- **ASSIGNMENT**: Return the listing exactly as it appears, but strip out the images.

- **RECORDED DATA**:
____________
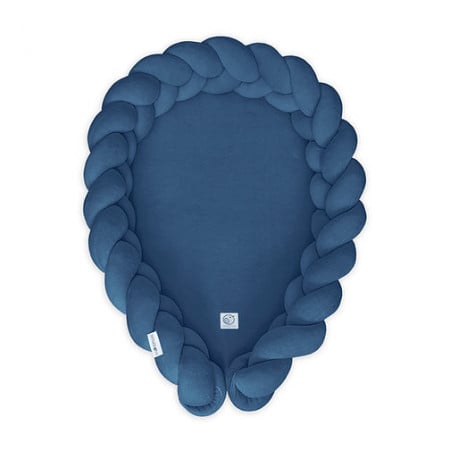 Babynest 2in1 pentru copii, cu margini impletite, din bumbac catifelat, Sparrow Velvet, Blue Petrol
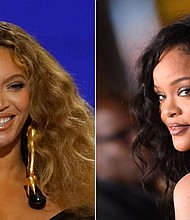 Rihanna would like Beyoncé to walk the runway for her Savage X Fenty fashion line.
Mandatory Credit:	Chris Pizzello/AP/Valerie Macon/AFP/Getty Images
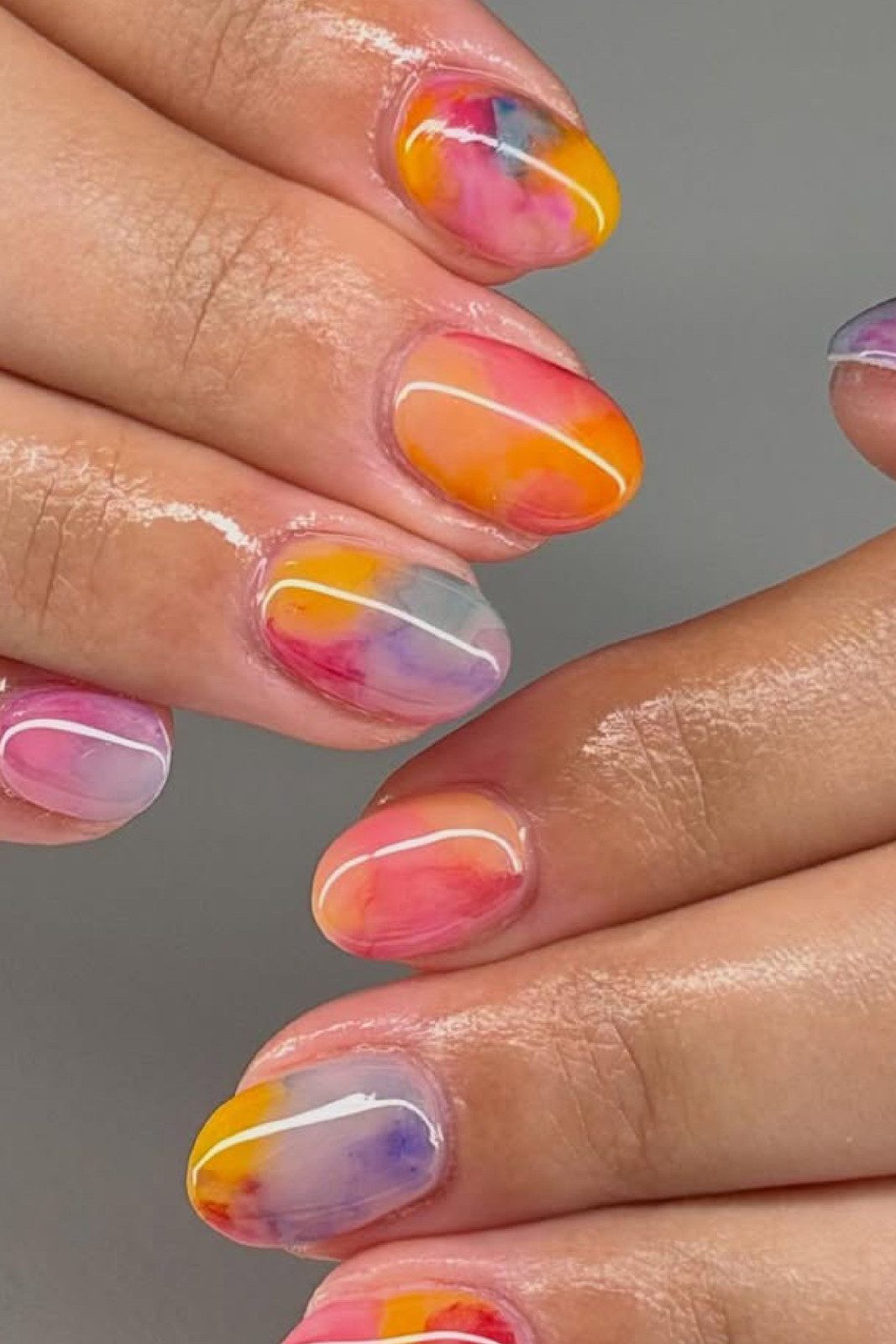 Short Oval Ethereal Watercolor Lines — Watercolor Nails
____________
- **RESULT**:
 Babynest 2in1 pentru copii, cu margini impletite, din bumbac catifelat, Sparrow Velvet, Blue Petrol
 Rihanna would like Beyoncé to walk the runway for her Savage X Fenty fashion line.
Mandatory Credit:	Chris Pizzello/AP/Valerie Macon/AFP/Getty Images
 Short Oval Ethereal Watercolor Lines — Watercolor Nails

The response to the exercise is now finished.